[What the task requires]: When you reach the line that contains "XP – Processen", begin copying exactly, and continue through the last line of the data; no pictures belong in the copy.

[Recorded information]:
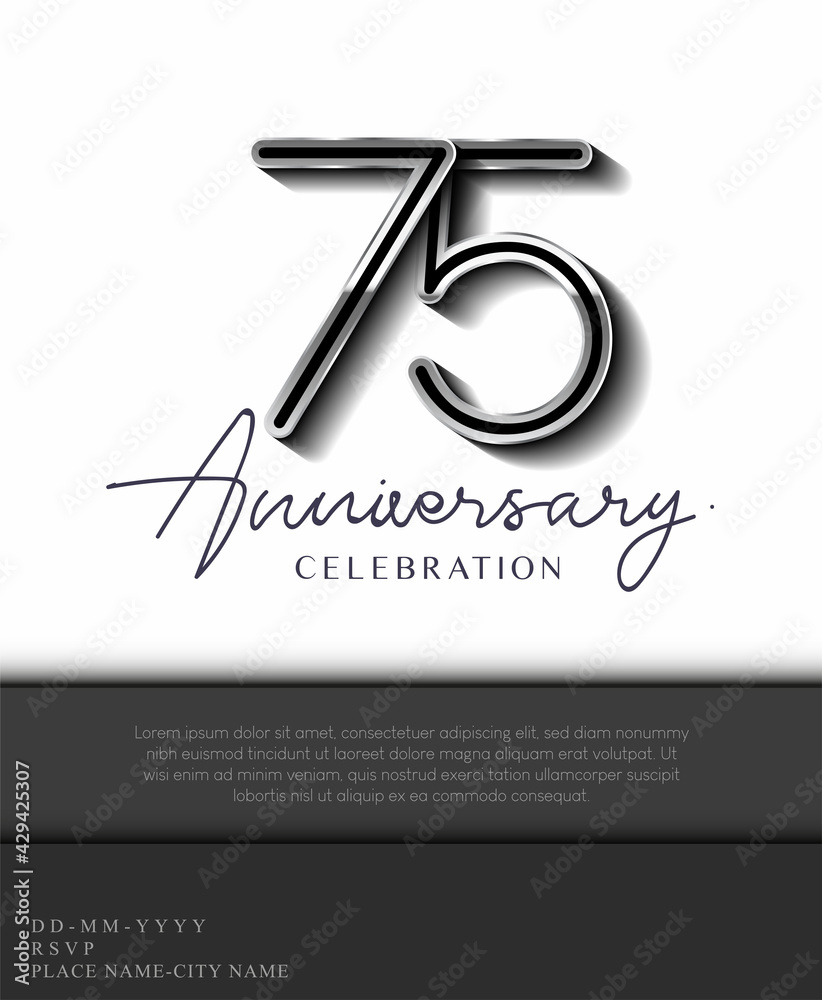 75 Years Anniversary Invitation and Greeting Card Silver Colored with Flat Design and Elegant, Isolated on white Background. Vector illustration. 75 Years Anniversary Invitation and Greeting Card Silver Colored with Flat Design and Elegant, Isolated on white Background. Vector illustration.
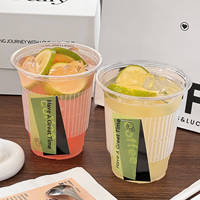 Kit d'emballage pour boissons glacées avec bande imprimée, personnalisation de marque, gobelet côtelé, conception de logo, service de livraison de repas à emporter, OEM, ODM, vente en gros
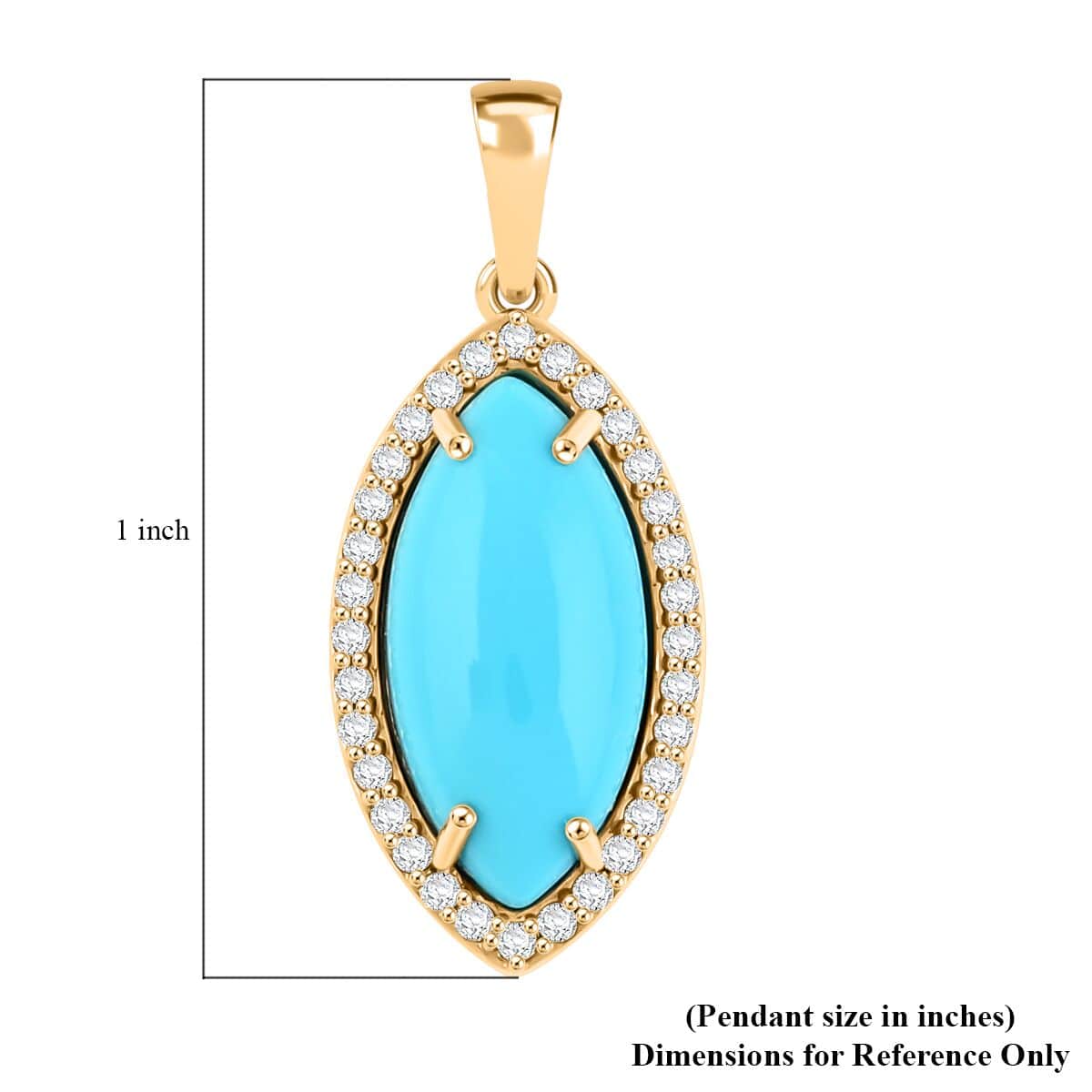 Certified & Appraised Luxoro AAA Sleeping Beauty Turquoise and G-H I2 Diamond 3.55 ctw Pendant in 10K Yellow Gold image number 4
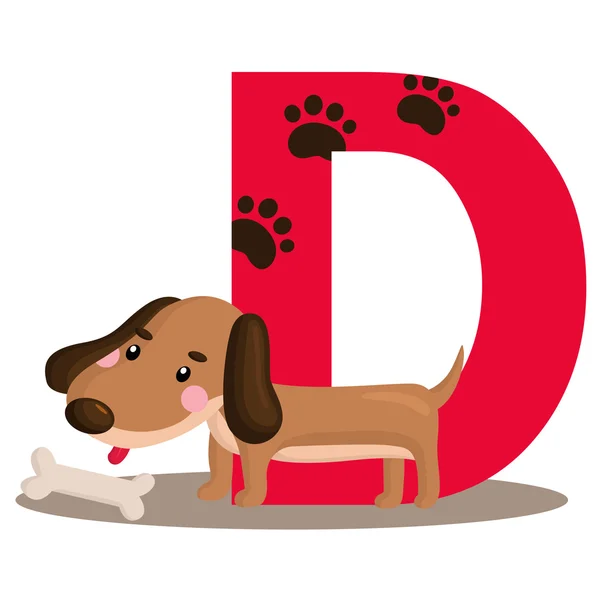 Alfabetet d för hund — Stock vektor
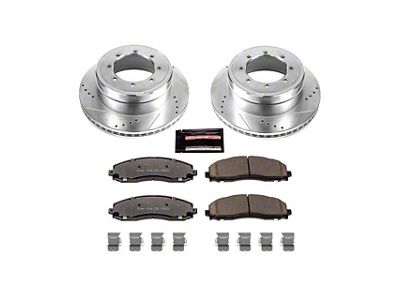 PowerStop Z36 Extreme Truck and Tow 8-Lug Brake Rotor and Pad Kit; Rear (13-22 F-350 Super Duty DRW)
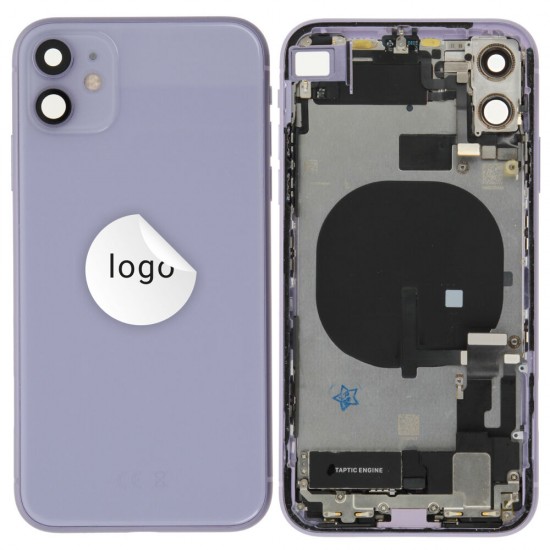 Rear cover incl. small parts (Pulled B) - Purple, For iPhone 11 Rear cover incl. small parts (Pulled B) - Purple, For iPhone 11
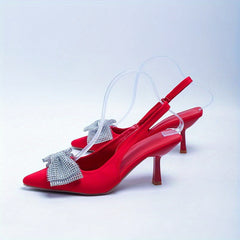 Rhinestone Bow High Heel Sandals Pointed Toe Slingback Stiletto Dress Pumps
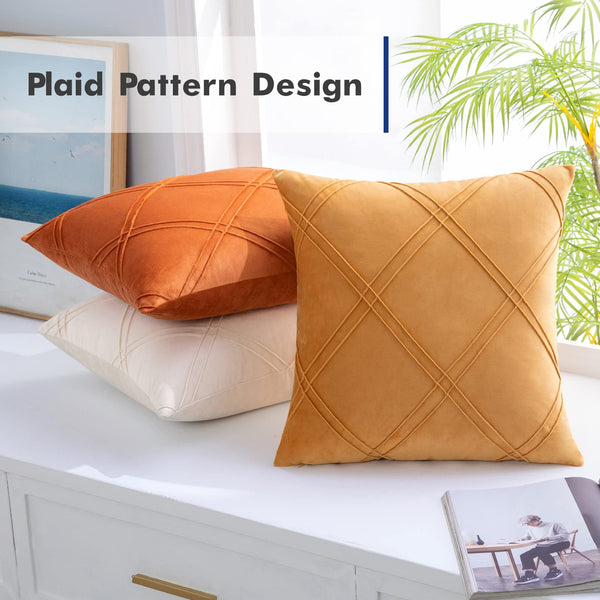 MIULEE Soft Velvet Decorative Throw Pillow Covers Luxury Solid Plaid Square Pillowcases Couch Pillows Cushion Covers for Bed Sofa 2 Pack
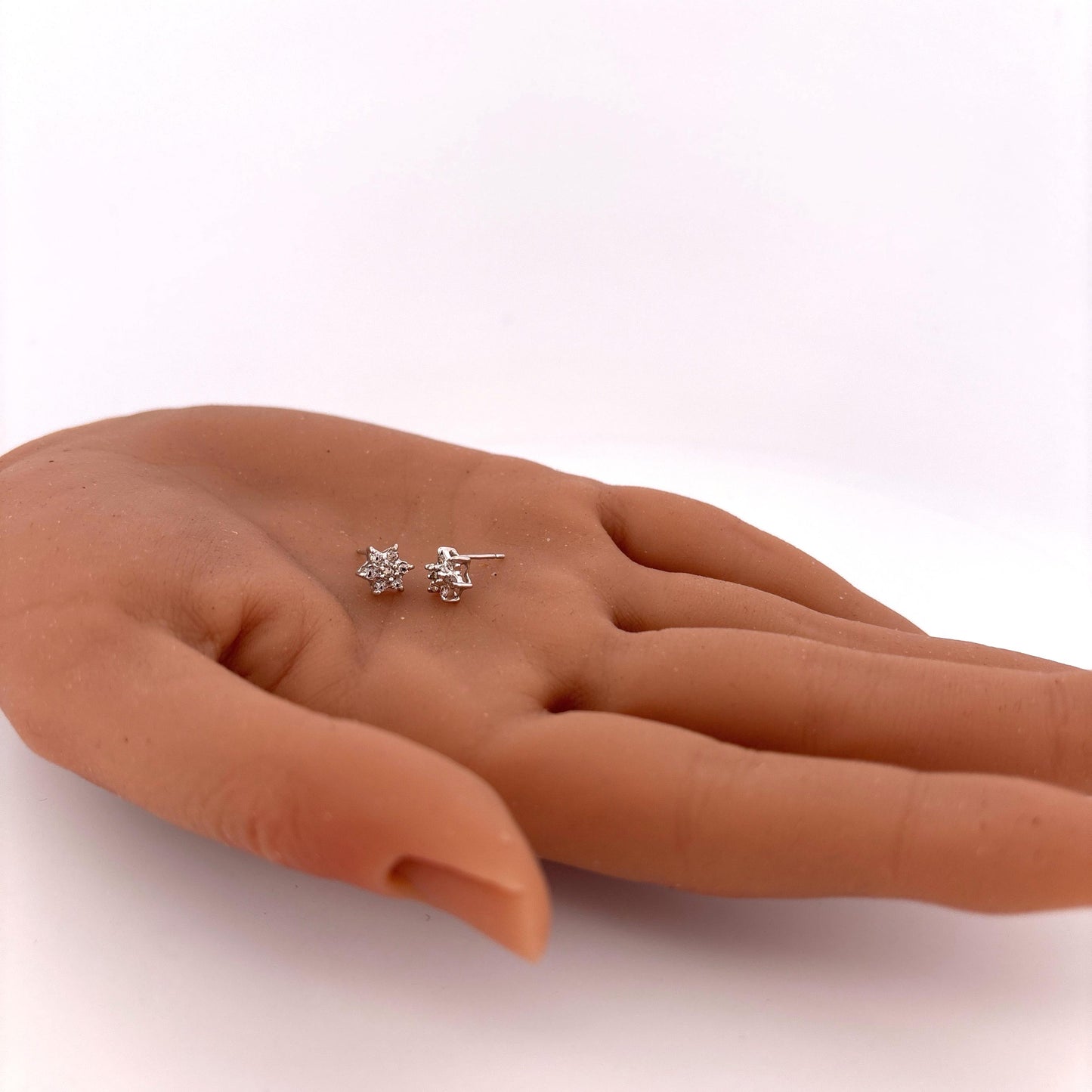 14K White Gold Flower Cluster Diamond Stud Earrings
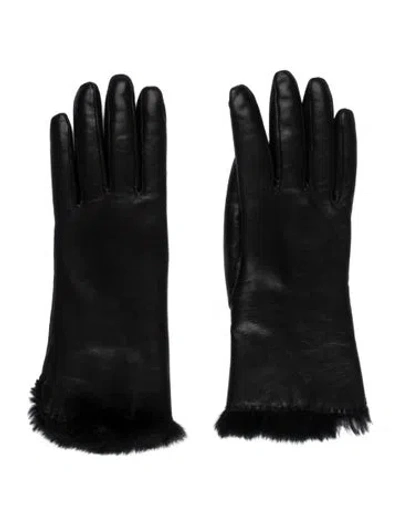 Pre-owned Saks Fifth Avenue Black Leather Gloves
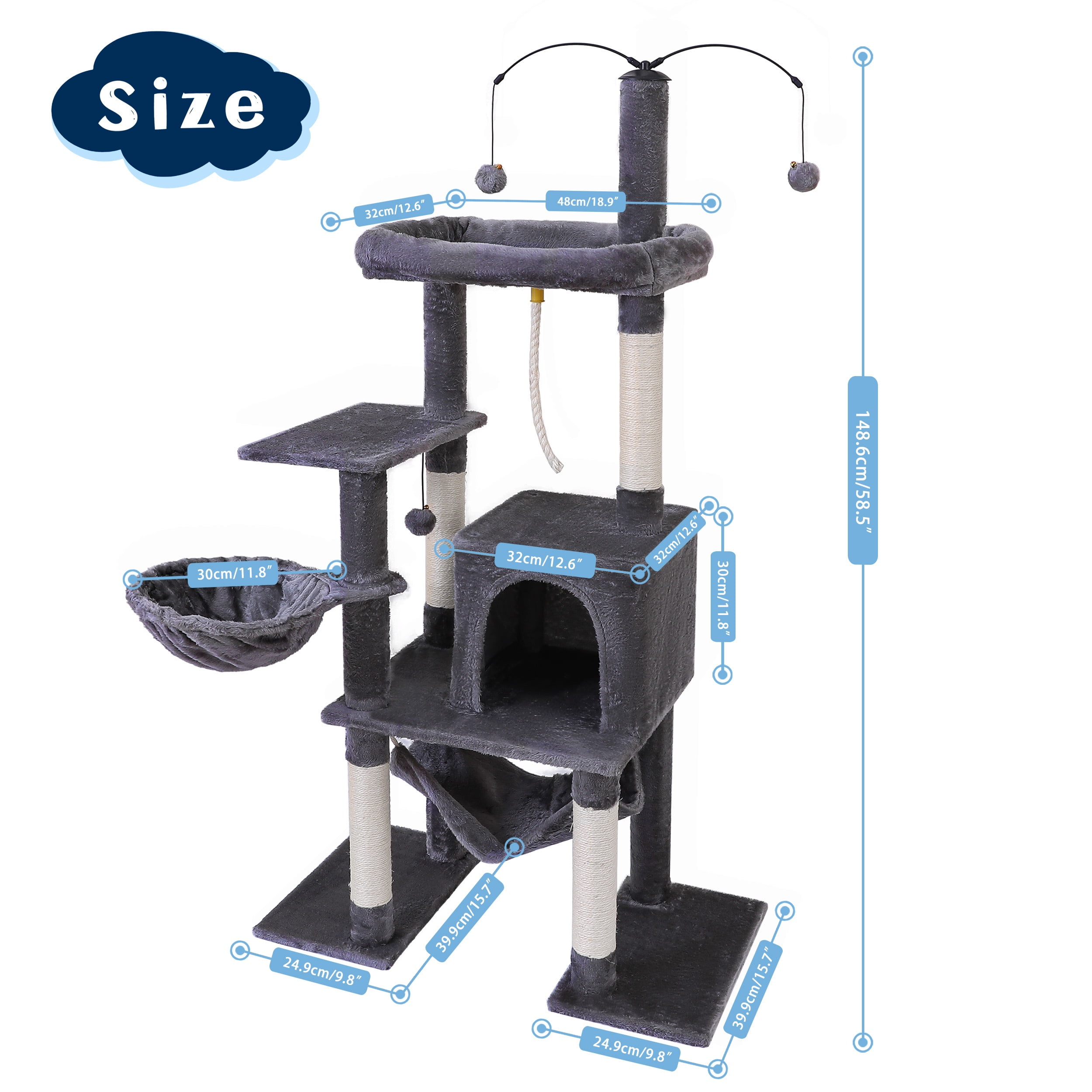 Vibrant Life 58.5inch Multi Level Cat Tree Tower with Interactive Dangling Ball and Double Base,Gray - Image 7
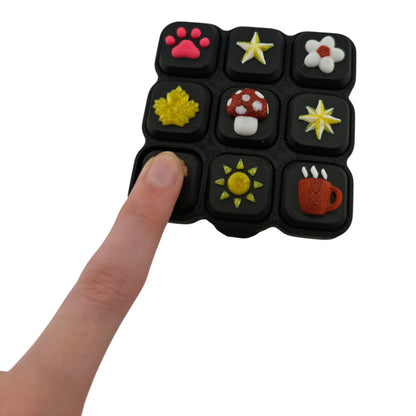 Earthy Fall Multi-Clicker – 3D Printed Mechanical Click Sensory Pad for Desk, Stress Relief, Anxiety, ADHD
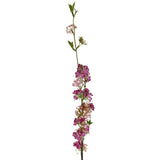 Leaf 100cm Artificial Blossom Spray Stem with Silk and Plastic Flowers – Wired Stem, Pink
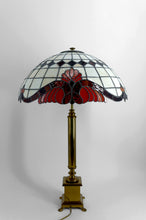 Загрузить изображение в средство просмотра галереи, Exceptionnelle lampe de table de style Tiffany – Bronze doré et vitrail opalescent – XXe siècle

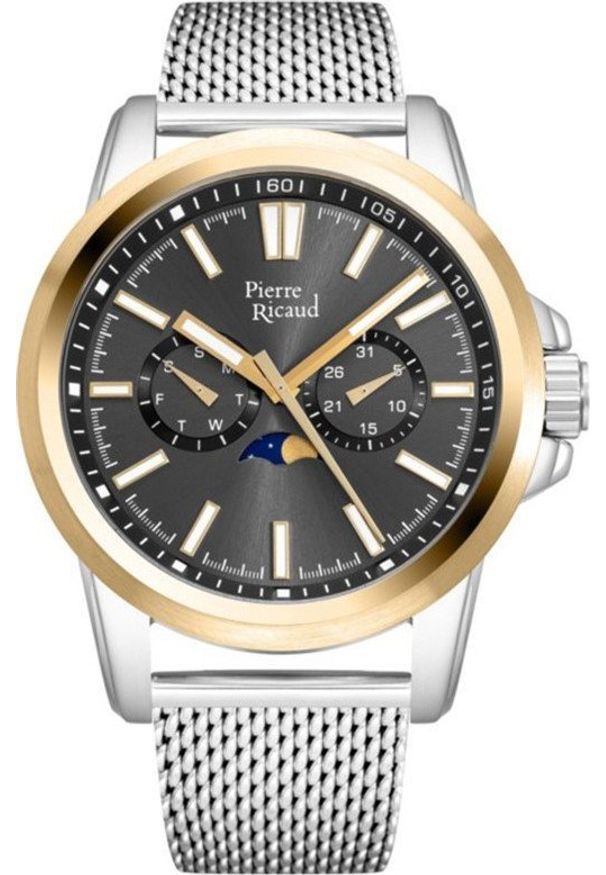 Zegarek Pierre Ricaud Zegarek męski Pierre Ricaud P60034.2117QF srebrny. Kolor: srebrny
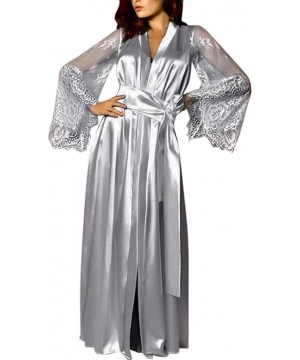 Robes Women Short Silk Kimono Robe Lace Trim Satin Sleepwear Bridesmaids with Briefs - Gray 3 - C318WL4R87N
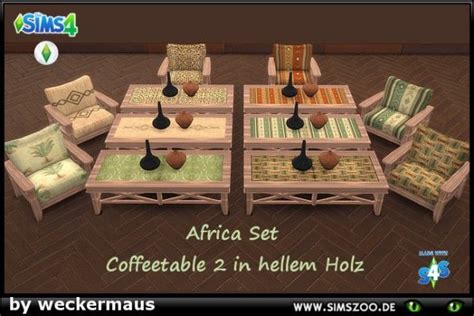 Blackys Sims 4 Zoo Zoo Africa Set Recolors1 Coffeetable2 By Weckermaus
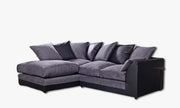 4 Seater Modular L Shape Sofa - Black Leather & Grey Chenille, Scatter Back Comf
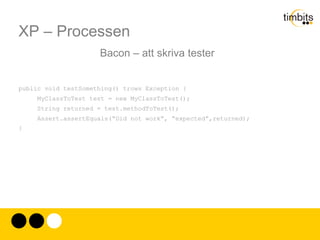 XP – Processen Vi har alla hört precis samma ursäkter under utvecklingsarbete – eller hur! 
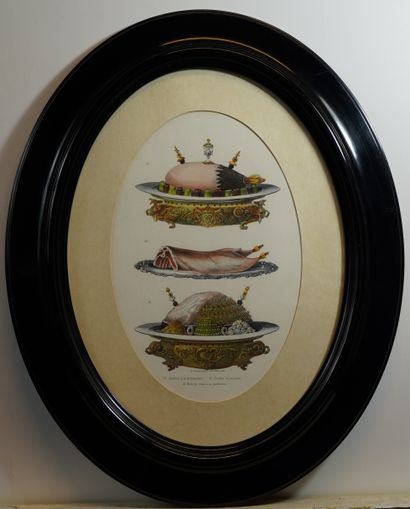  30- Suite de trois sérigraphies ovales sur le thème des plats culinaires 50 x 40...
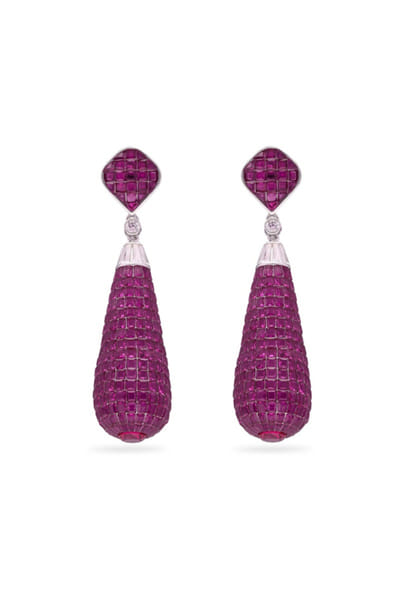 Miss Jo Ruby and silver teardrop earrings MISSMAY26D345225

[Result for this exercise]:
 XP – Processen Vi har alla hört precis samma ursäkter under utvecklingsarbete – eller hur! 
  30- Suite de trois sérigraphies ovales sur le thème des plats culinaires 50 x 40...
 Miss Jo Ruby and silver teardrop earrings MISSMAY26D345225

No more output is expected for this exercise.